Não confunda interesse com desejo
‘Olha que carro tão fixe’ não é a mesma coisa que ‘gostava mesmo de ter aquele carro’, alerta a psicóloga Tânia Pereira Dinis. É que por vezes, os pais não dão espaço às crianças para estas formarem os seus desejos e enchem-nas de brinquedos antes sequer de elas terem oportunidade para perceber o que realmente querem. Este padrão não é incomum em pais que se sentem culpados por se acharem mais ausentes que tentam hiper compensar materialmente. “Também é muito importante dar-lhes alguns brinquedos neutros, que não tenham um perfil definido pela televisão, e para os quais eles possam imaginar personalidades e histórias que não estejam já inventadas”, lembra a psicóloga.
Cuidado com a chantagem
Não use a quantidade de presentes como chantagem emocional sub-reptícia dizendo: “com tudo o que recebeste no natal e estás a portar-te mal!”, além de errado (porque os presentes não devem supor nenhuma obrigação de volta) é inútil porque eles não conseguem pensar a longo prazo. “E se eles recebem as prendas mas depois os pais dizem que os filhos afinal não mereceram, a mensagme que passa é que apesar de toda a conversa, afinal, na prática as prendas não têm nada a ver com o comportamento porque , bom ou mau, elas lá aparecem na mesma.”, alerta Tânia Pereira Dinis.
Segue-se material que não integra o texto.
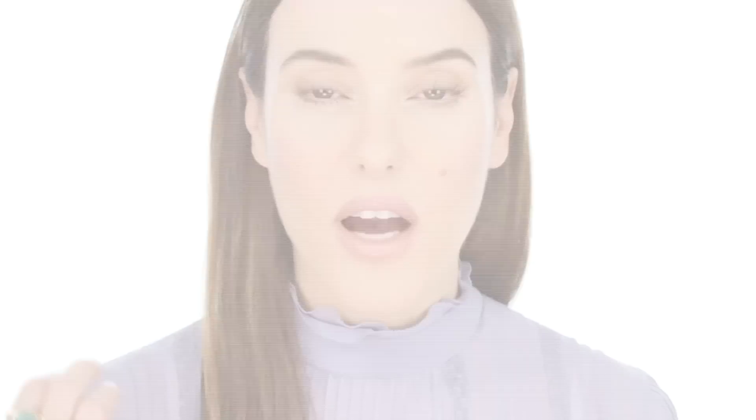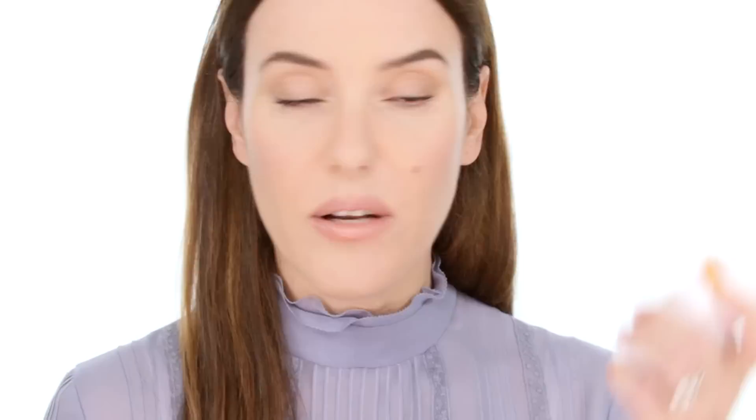Peter Thomas Roth Instant Mineral Powder is a great top-up option — all mineral, and there's also a blue version with salicylic acid good for oily skin, giving both mattification and SPF protection. Another portable mineral sunblock option is Bare Minerals SPF 30 powder, great to keep in your handbag for touch-ups over a full face of makeup. There's also the Bare Minerals mineral powder at SPF 15 which many brands offer — you can sweep it over your skin throughout the day to top up protection and keep your makeup looking fresh, giving a really nice dual function.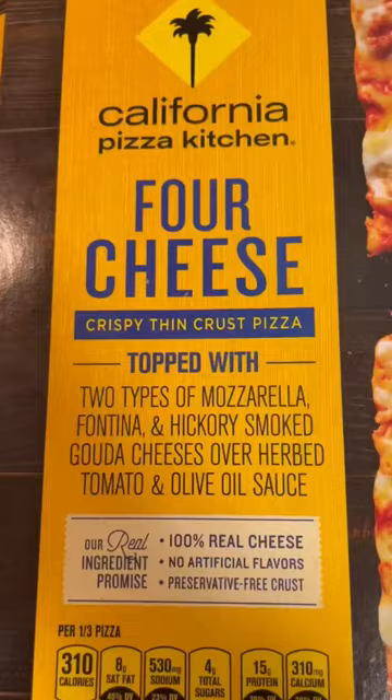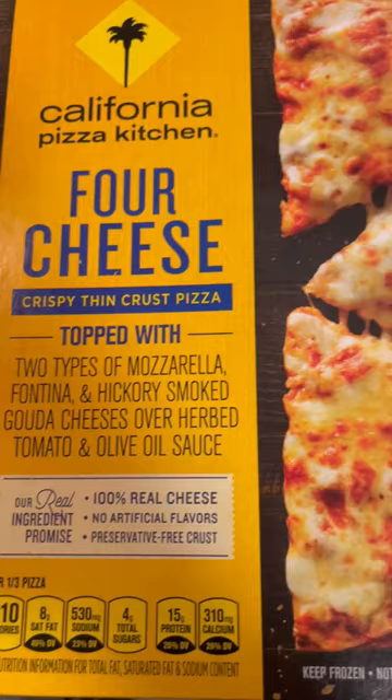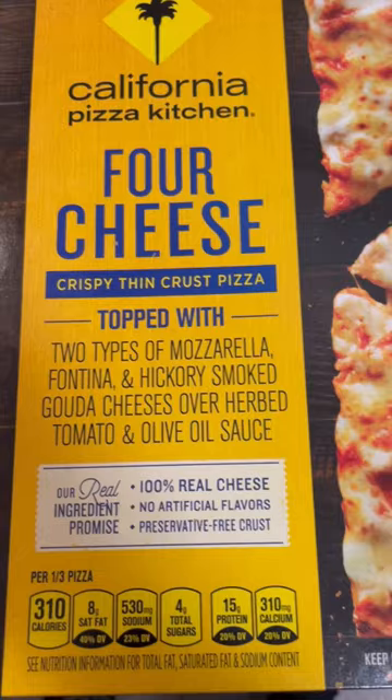What's going on y'all? I got another pizza review for y'all today. I got California Pizza Kitchen four cheese crispy thin crust pizza topped with two types of cheese — mozzarella, fontina, and hickory smoked gouda cheese over herb tomato and olive oil sauce.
Eles devem dar presentes aos adultos?
É importante ensiná-los a dar e a reciprocidade é um elemento essencial do Natal. Mas não têm de ser forçosamente aos adultos, nem de implicar dinheiro. Podem, por exemplo, fazer presentes para os primos e irmãos. É uma forma de valorizar a dádiva e mostrar que mesmo sem dinheiro é possível pensar nos outros e oferecer-lhes algo. E não tem de ser sempre algo “feito”. Pode passar por compilar as 30 canções preferidas da irmã num CD por exemplo… “Isto é uma forma de ensinar-lhes que o importante é mostrar que nos lembramos das pessoas e que lhes quisemos dar um mimo”
Preserve a magia da época. O espírito natalício pode ser fomentado com actividades feitas em conjunto, seja a ‘elaboração’ dos presentes artesanais, dos cartões de Natal, do presépio ou da árvore de Natal.